DATA
:::::

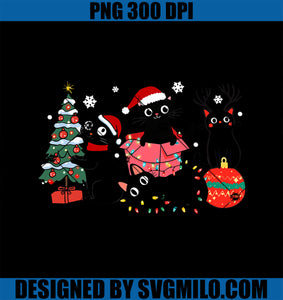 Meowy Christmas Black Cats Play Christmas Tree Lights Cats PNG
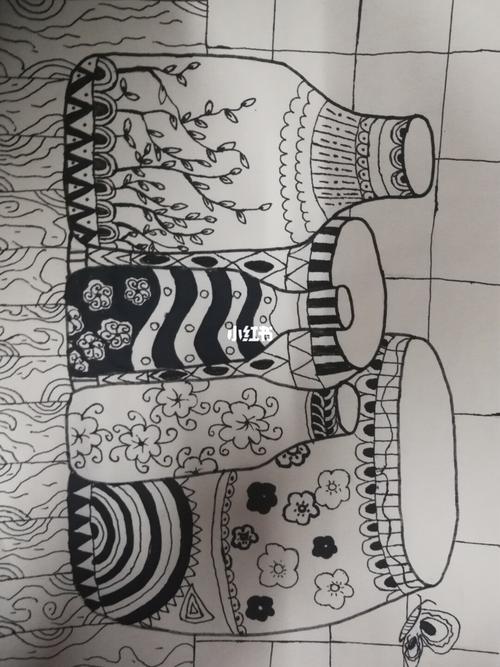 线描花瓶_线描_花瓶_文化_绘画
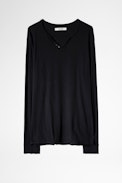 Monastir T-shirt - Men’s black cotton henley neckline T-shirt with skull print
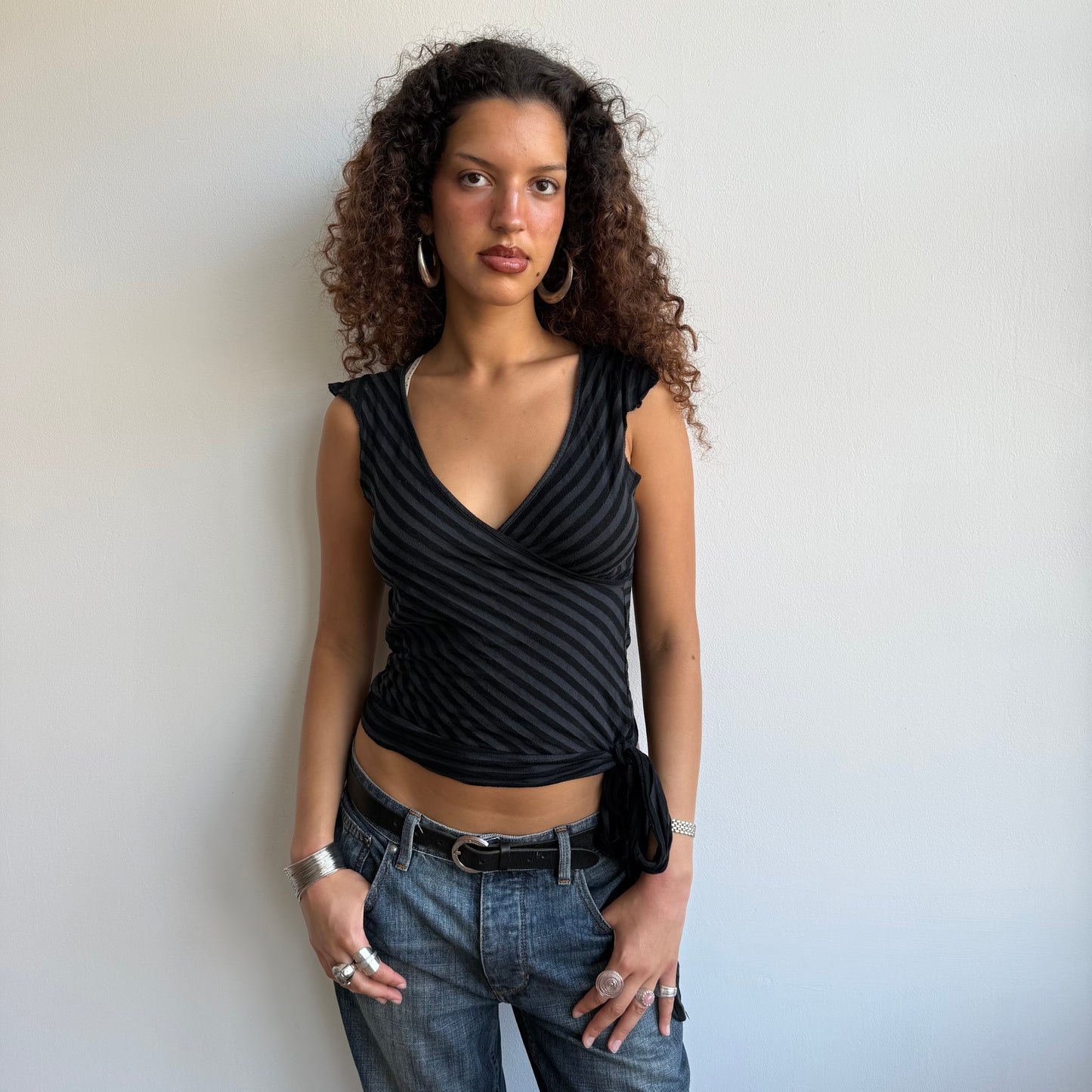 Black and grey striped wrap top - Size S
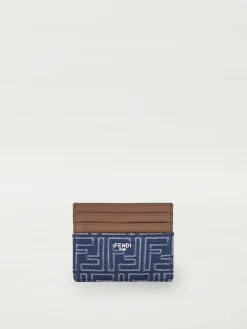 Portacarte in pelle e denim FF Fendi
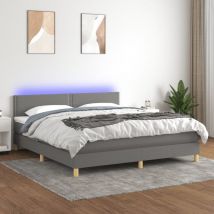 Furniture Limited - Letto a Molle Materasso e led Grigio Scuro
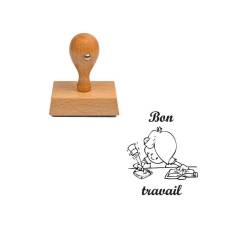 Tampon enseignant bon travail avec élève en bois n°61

:::::

EXERCISE DETAILS
A word-for-word copy of the records is needed, one that contains no pictures.

EXERCISE SOLUTION
 Meowy Christmas Black Cats Play Christmas Tree Lights Cats PNG
 线描花瓶_线描_花瓶_文化_绘画
 Monastir T-shirt - Men’s black cotton henley neckline T-shirt with skull print
 Black and grey striped wrap top - Size S
 Portacarte in pelle e denim FF Fendi
 Furniture Limited - Letto a Molle Materasso e led Grigio Scuro
 Tampon enseignant bon travail avec élève en bois n°61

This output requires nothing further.